Риндер вне себя сел в свою карету и долго повторял дорогой:
– Warte, mein lieber[24], я тебя с твоей чумой вместе на дно морское спущу… Ты у меня, как возмутитель общественного спокойствия, уедешь куда-нибудь в Оренбург, а то и подальше!..
На другой день действительно собрался докторский совет в госпитале, в числе восьми человек. В этот совет вошли выбранные Риндером медики: один русский, один поляк и шесть немцев.
«Славно подобрал!» – подумал Шафонский.
Но, видно, наличные больные говорили сами за себя. Консилиум докторов постановил и написал следующее:
«Мнение докторское о появившейся в Московском госпитале опасной болезни.
Общим собранием находящихся в Москве господ докторов, из представленного описания от доктора Шафонского болезни с припадками, которая болезнь оказалась в госпитале, что на Введенских горах, от которой болезни померло человек тринадцать, утверждено: что оная болезнь должна почитаться за моровую язву. Вследствие чего, для предосторожности должно предприять всякие меры и предосторожности: 1) Должно пресечь сообщение города с госпиталью. 2) В оном госпитале оного госпиталя доктор должен всякое старание употреблять, чтобы оную болезнь там пресечь; а каким образом должно ему, доктору, там поступать в рассуждении лечения, от нас наставление дано, тако ж по его ежедневным рапортам в Контору и впредь сообщаемы будут наставления. 3) По оного доктора Шафонского требованиям делать всякое исполнение и удовольствие. 22 декабря 1770 года».
Подписались доктора: Эрасмус, Шкиадан, Кульман, Мертенс, Фон-Аш, Вениаминов, Зибелин и Ягелский.
Когда доктора разъехались, Шафонский прочитал несколько раз эту бумагу и чуть не подпрыгнул от радости, несмотря на свою всегдашнюю серьезность.

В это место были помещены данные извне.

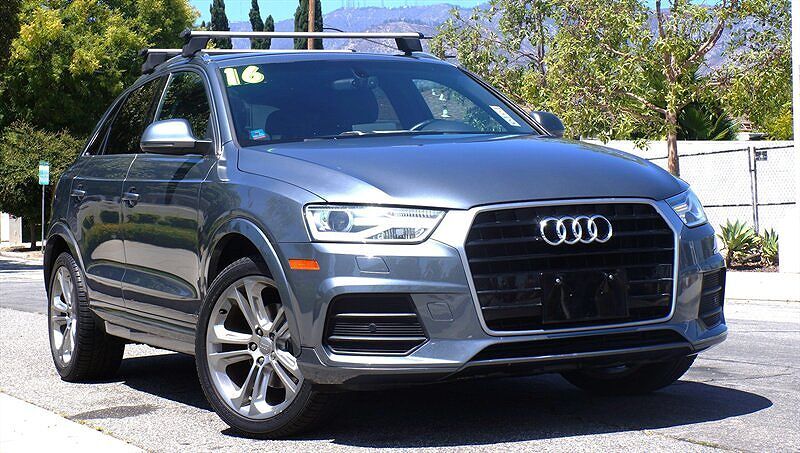 2016 AUDI Q3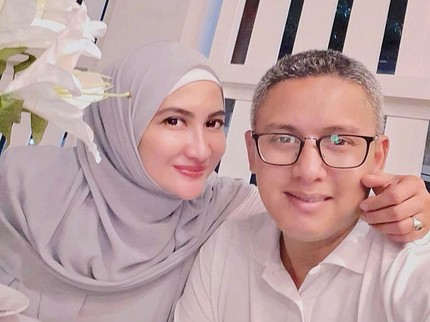 Berhijab Usai Mualaf, Intip 7 Potret Romantis Natalie Sarah dan Suami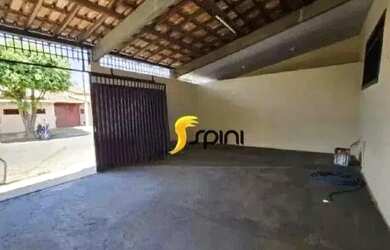 Imagem: A casa possui 2 Dormitórios, 1 Banheiro, 3 Vagas na garagem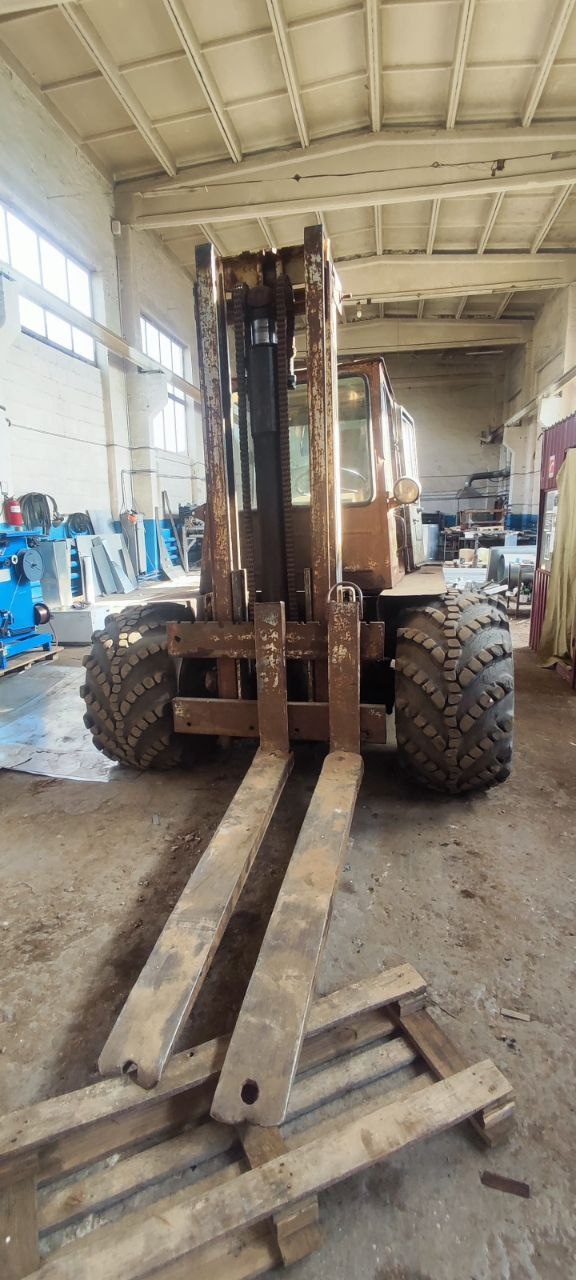 Львовский погрузчик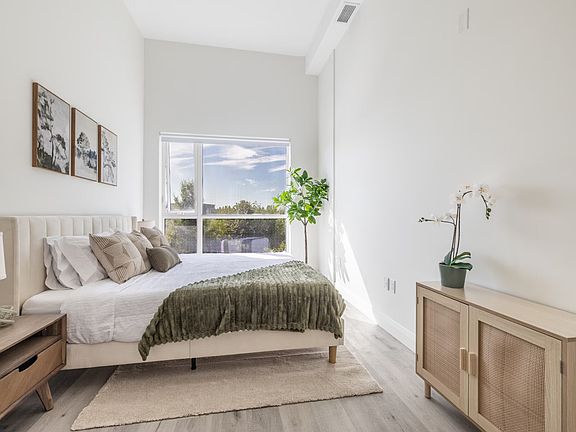 5th image of 6301 Campeau Dr #907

Он точно будто обрадовался тому обстоятельству, что в его госпитале была действительно по заявлению консилиума, никакая иная болезнь, как сама страшная гостья – чума.
XXX
Ивашка, ворочаясь из церкви, где пропал его мешок, не горевал о нем, а, напротив, радостно рассуждал сам с собой насчет своей удачи. Он был в восторге, что попал в услужение к такой красавице барыне. Часто случалось ему, еще почти мальчуганом, думать целые вечера, иногда целые ночи напролет о какой-нибудь деревенской молодице, глянувшей на него лишний раз. Одним словом, Ивашка был мягкосерд и влюбчив донельзя, но с тех пор, что он помнил себя, он ни разу не встречал – ни у себя в деревне или в околодке, ни в городе с тех пор, что приехал, – таких красавиц, как эта барыня. Ни разу ни одна из них не околдовала его так, как она.